* _WORK INSTRUCTIONS_
From the listing below, copy each line where "Nylon" occurs.

* _ENTRIES SUPPLIED_
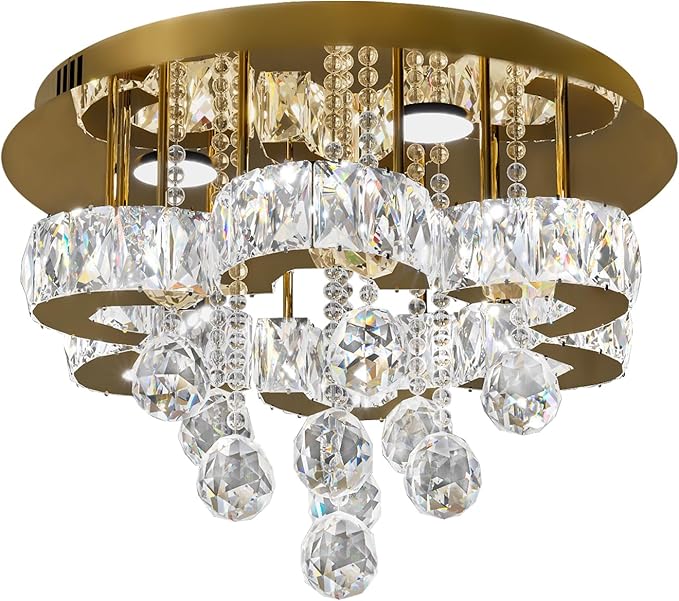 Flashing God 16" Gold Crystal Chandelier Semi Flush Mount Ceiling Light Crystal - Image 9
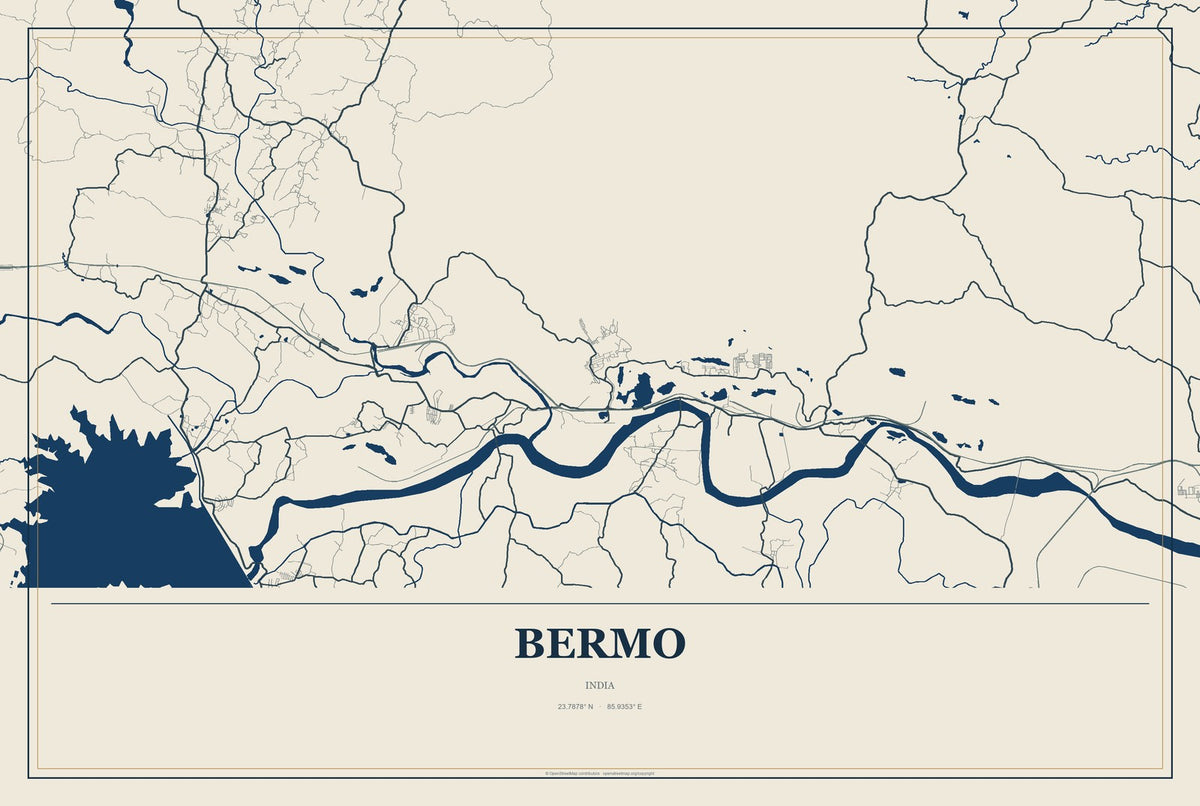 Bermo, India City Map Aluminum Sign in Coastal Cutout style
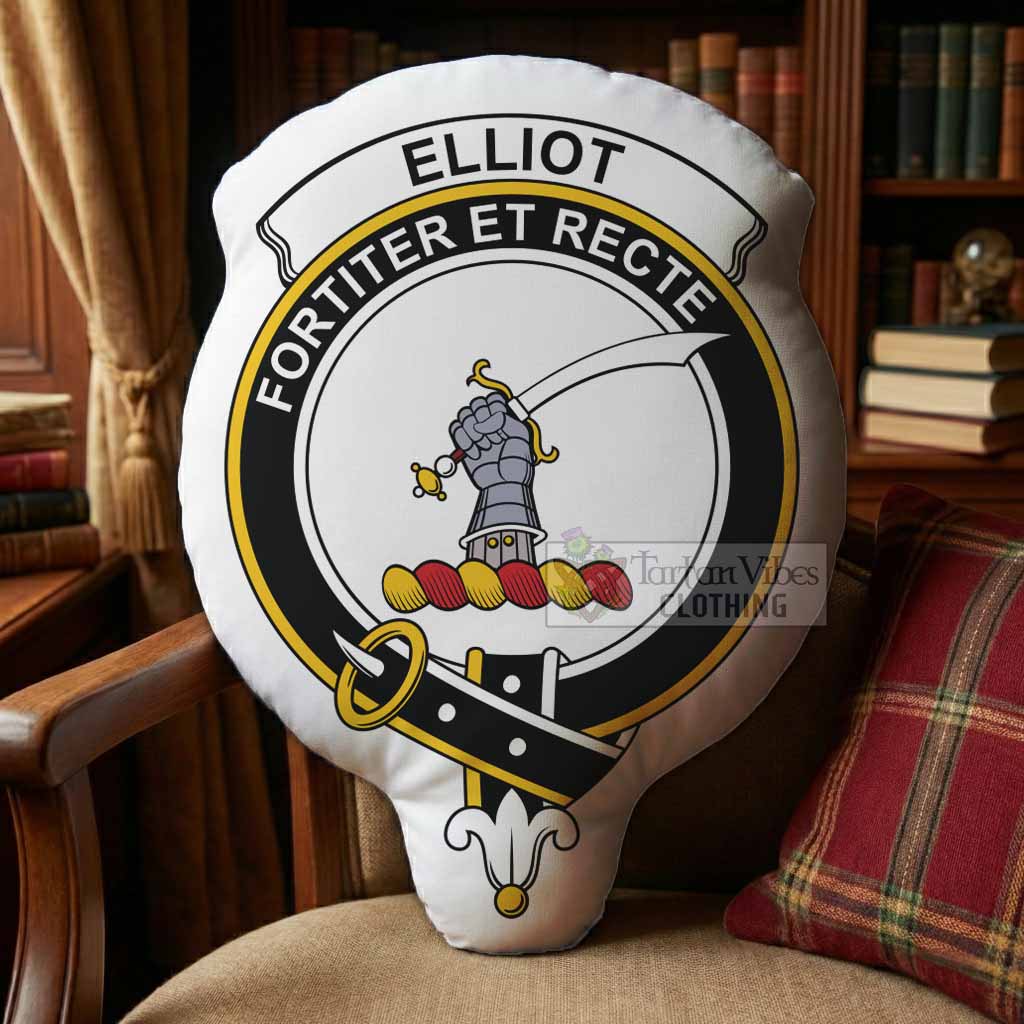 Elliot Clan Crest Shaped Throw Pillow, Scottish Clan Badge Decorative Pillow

==

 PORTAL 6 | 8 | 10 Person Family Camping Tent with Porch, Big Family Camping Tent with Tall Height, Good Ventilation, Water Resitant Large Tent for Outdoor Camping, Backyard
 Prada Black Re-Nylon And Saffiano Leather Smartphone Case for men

--

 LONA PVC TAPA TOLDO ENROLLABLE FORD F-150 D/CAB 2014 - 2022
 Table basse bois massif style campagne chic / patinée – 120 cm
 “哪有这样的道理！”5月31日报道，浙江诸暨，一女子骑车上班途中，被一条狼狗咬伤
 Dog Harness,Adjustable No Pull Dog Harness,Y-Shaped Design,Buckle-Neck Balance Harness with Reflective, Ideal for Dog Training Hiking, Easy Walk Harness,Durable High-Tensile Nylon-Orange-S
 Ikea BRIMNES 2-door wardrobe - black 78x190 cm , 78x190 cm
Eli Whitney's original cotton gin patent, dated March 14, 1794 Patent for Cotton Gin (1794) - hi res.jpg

* _EXERCISE OUTPUT_
 Prada Black Re-Nylon And Saffiano Leather Smartphone Case for men
 Dog Harness,Adjustable No Pull Dog Harness,Y-Shaped Design,Buckle-Neck Balance Harness with Reflective, Ideal for Dog Training Hiking, Easy Walk Harness,Durable High-Tensile Nylon-Orange-S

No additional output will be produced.